• _Task goal_: Beginning with the line that contains "Walnut Hollow Deluxe" and ending with the line that contains "数字牛景观美惠东平山碧山村这条村道顶呱呱", reproduce the lines of the entries below exactly, omitting pictures.

• _Records supplied_:
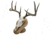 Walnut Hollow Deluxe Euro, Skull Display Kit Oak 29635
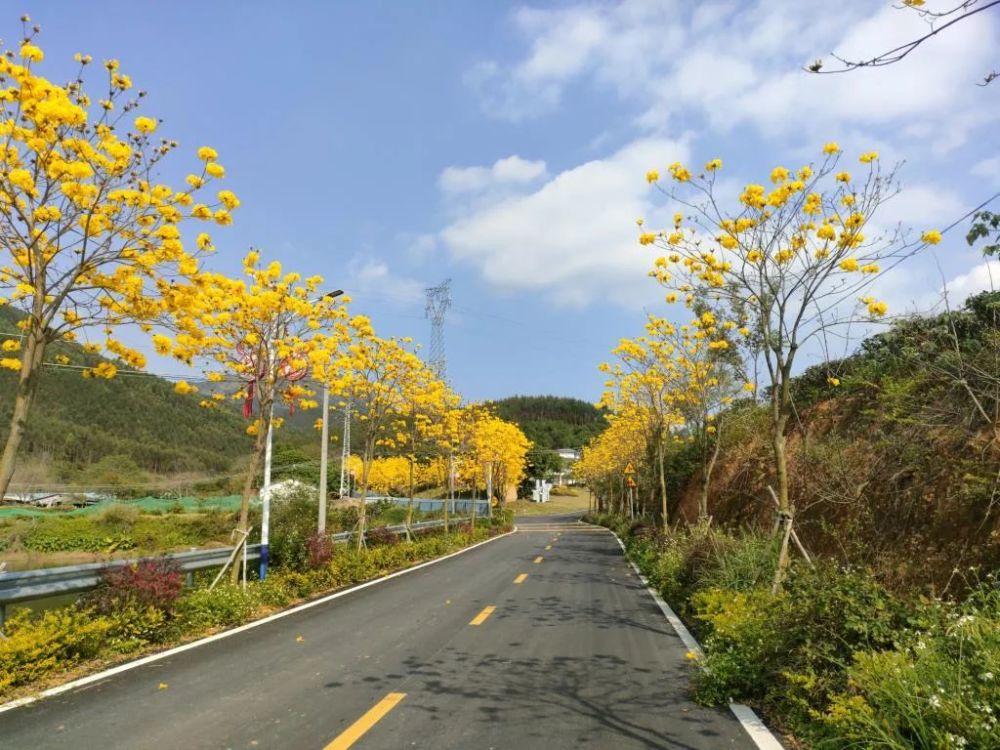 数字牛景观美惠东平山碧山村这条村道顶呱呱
==
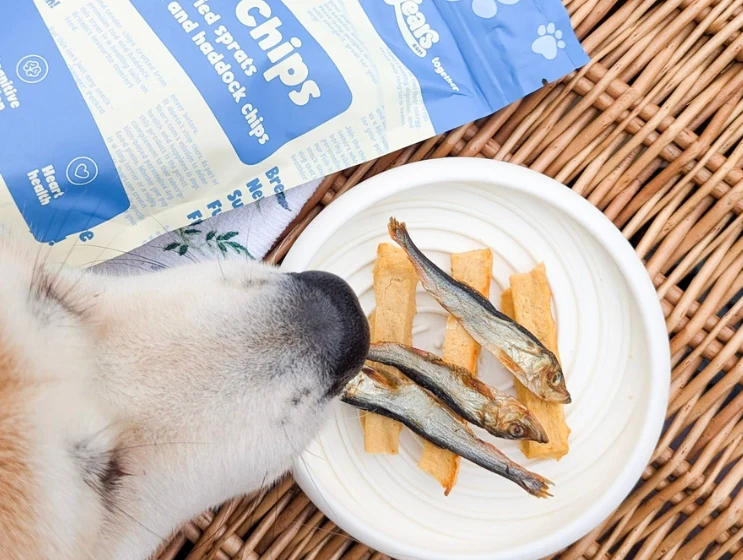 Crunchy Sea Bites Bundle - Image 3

• _Expected output_:
 Walnut Hollow Deluxe Euro, Skull Display Kit Oak 29635
 数字牛景观美惠东平山碧山村这条村道顶呱呱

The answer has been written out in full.